───── RECORDS TO PROCESS

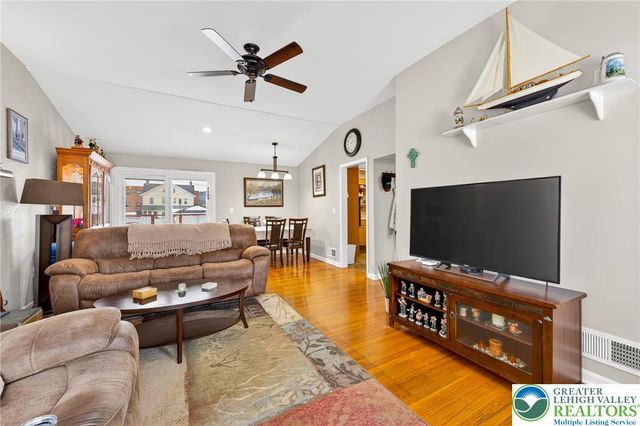 534 Seem Street, Emmaus Boro, PA 18049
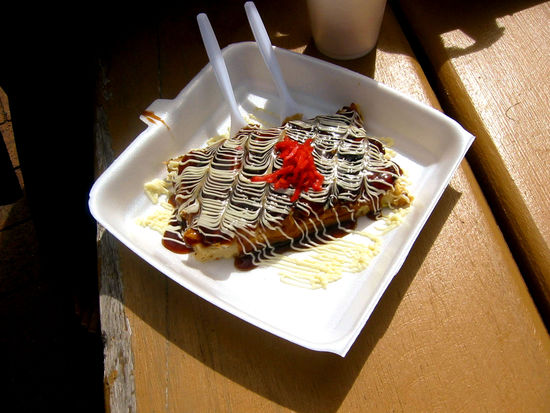 ...nämlich einen leckeren Pfannkuchen auf japanische Art mit ??? Aber war sehr lecker!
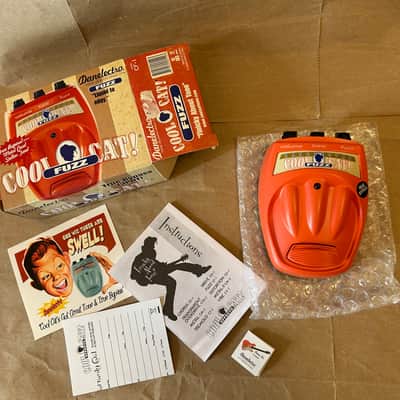 Danelectro Cool Cat Fuzz 2010s - Orange Very Good Condition 1st Version 1V True Bypass NOS Mint in box with all papers image 2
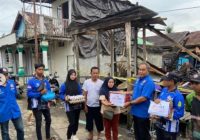 Relawan Damkar Gercep Kirim Bantuan untuk Korban Kebakaran Jalan Sutoyo Gang Sepakat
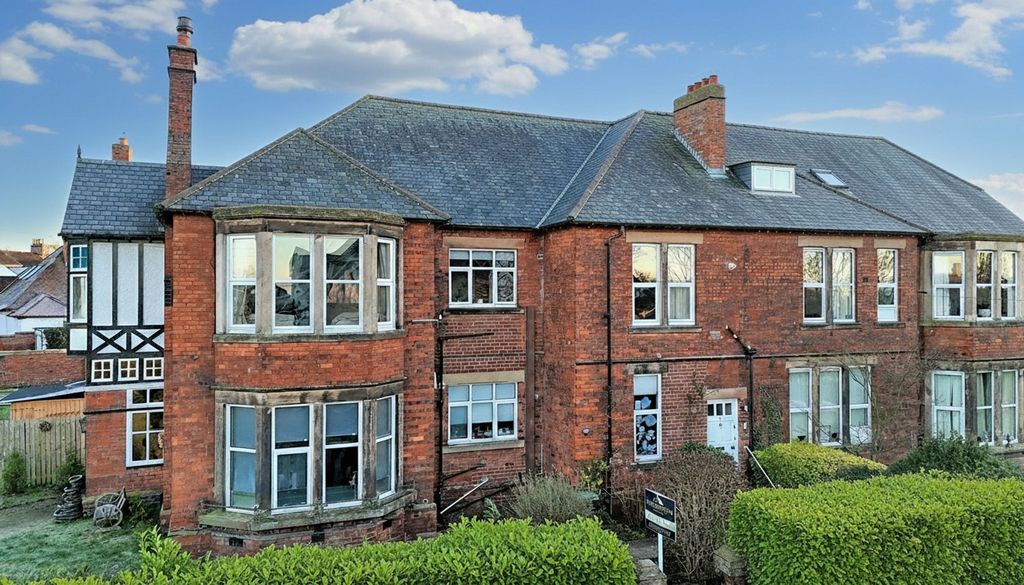 Property photo 1 of 15 Marlborough Gardens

──────────

• _ACTIVITY_
Please retype the material above exactly, and omit its images.

• _RESPONSE_
 534 Seem Street, Emmaus Boro, PA 18049
 ...nämlich einen leckeren Pfannkuchen auf japanische Art mit ??? Aber war sehr lecker!
 Danelectro Cool Cat Fuzz 2010s - Orange Very Good Condition 1st Version 1V True Bypass NOS Mint in box with all papers image 2
 Relawan Damkar Gercep Kirim Bantuan untuk Korban Kebakaran Jalan Sutoyo Gang Sepakat
 Property photo 1 of 15 Marlborough Gardens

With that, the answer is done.